■ Exercise objective ■
Leave out the pictures and output exactly the lines below from the one with "Foto van Mascot" down to the one with "Unveil Vatican Secrets: Museums, Sistine", both of them included.

■ Records for the exercise ■
______________________________
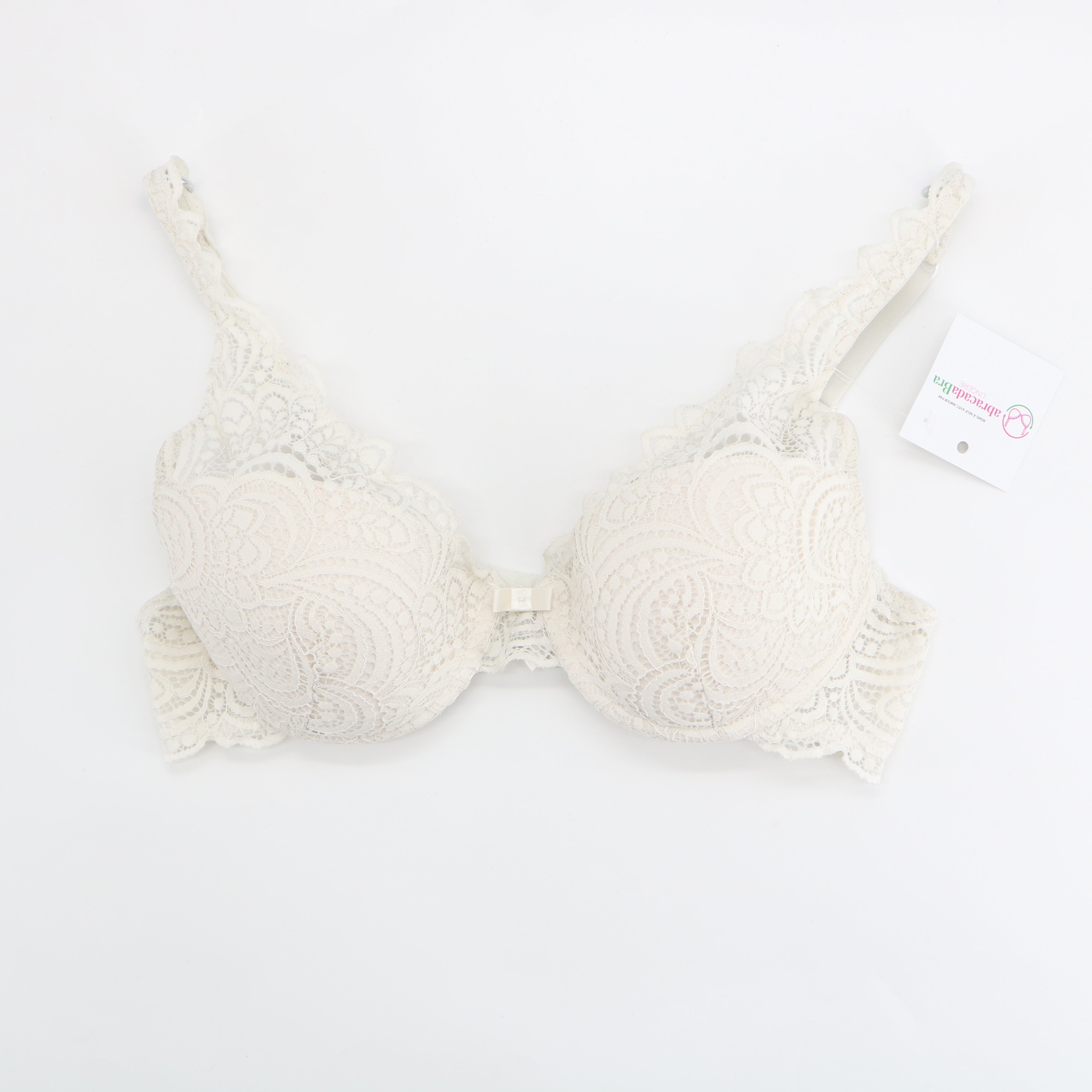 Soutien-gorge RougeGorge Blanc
______________________________
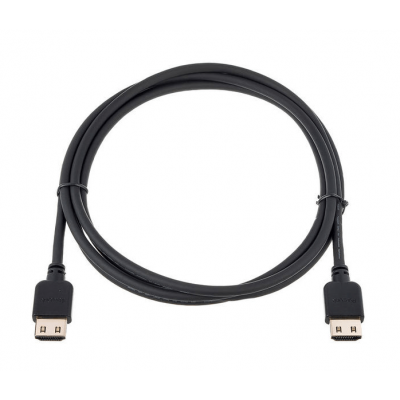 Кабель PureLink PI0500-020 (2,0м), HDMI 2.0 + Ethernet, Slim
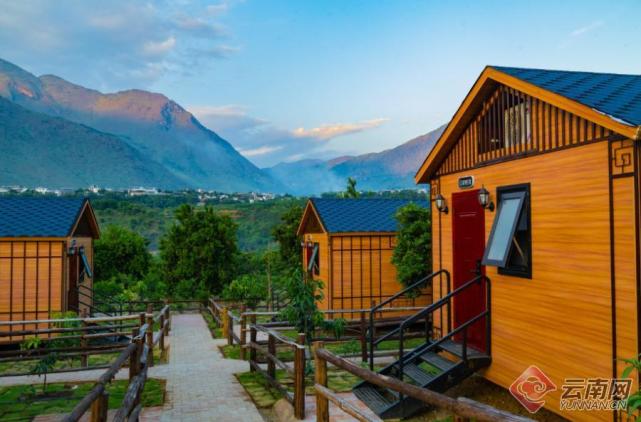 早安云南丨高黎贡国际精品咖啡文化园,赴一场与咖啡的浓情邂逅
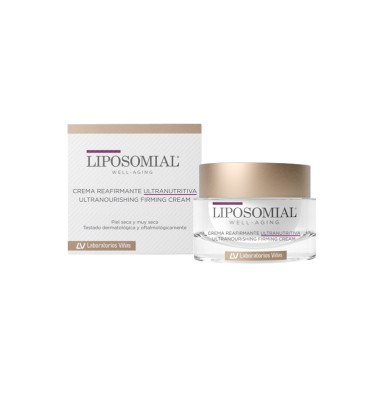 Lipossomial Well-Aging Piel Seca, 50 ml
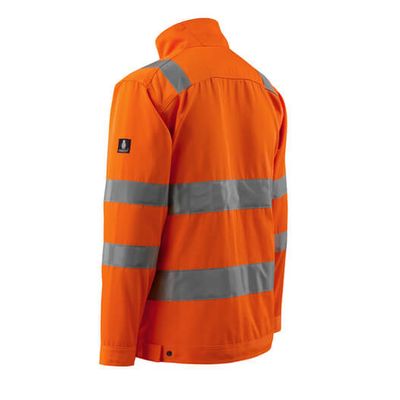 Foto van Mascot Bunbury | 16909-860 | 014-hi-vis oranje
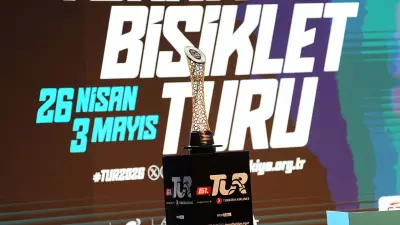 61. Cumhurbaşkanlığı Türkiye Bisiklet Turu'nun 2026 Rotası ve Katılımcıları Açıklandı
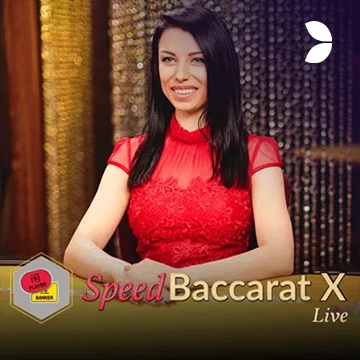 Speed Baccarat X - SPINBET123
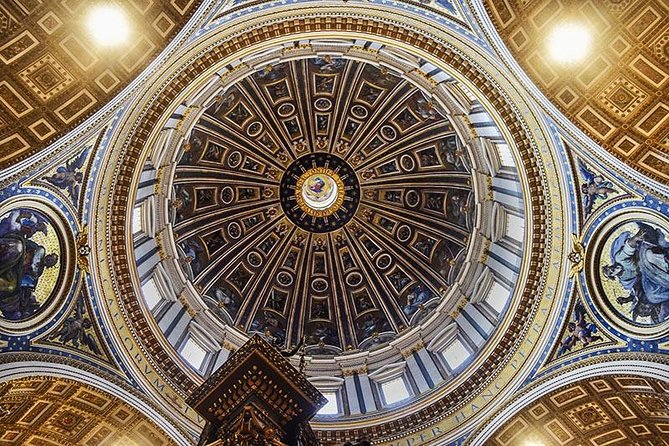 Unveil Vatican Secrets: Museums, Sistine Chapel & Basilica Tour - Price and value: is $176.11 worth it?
______________________________
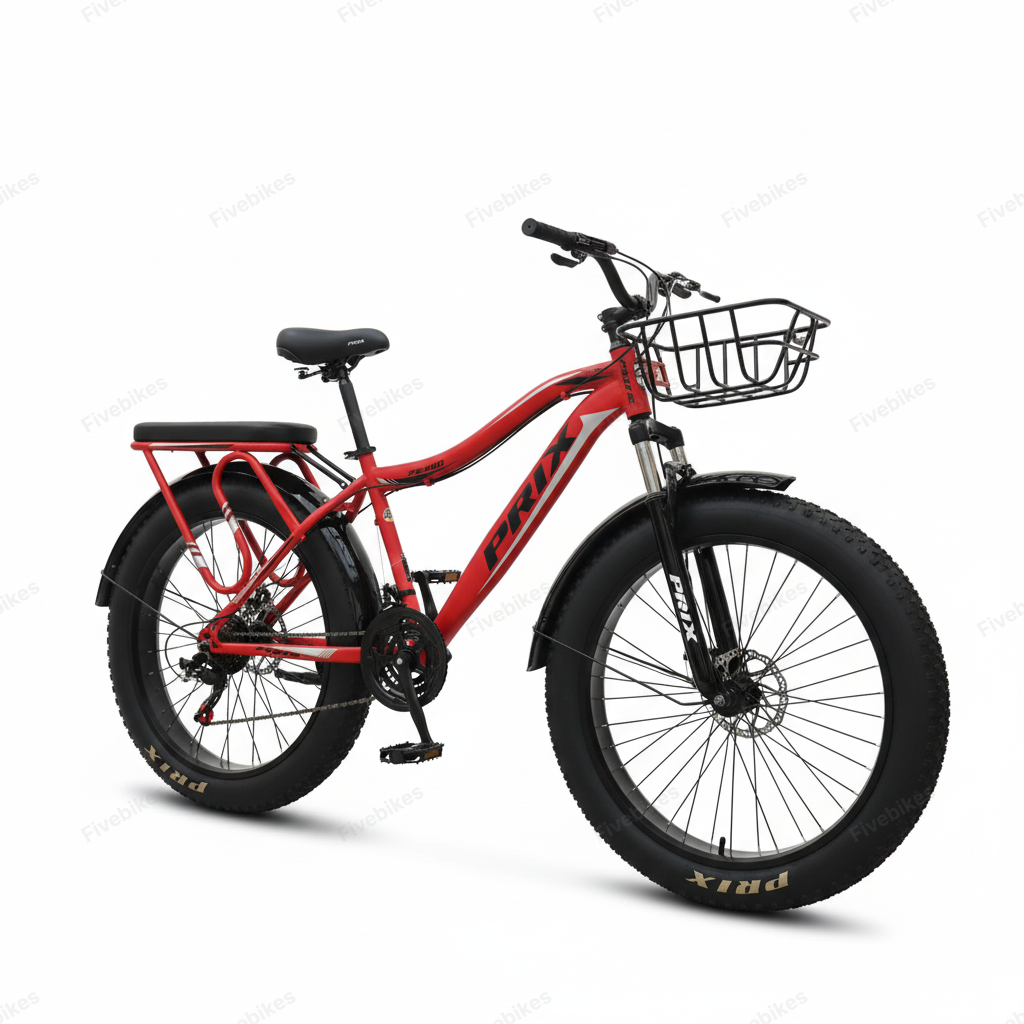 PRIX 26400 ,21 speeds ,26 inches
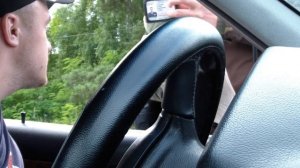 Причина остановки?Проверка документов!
______________________________
■ Expected answer ■
 Foto van Mascot Bunbury | 16909-860 | 014-hi-vis oranje
 61. Cumhurbaşkanlığı Türkiye Bisiklet Turu'nun 2026 Rotası ve Katılımcıları Açıklandı
 Speed Baccarat X - SPINBET123
 Unveil Vatican Secrets: Museums, Sistine Chapel & Basilica Tour - Price and value: is $176.11 worth it?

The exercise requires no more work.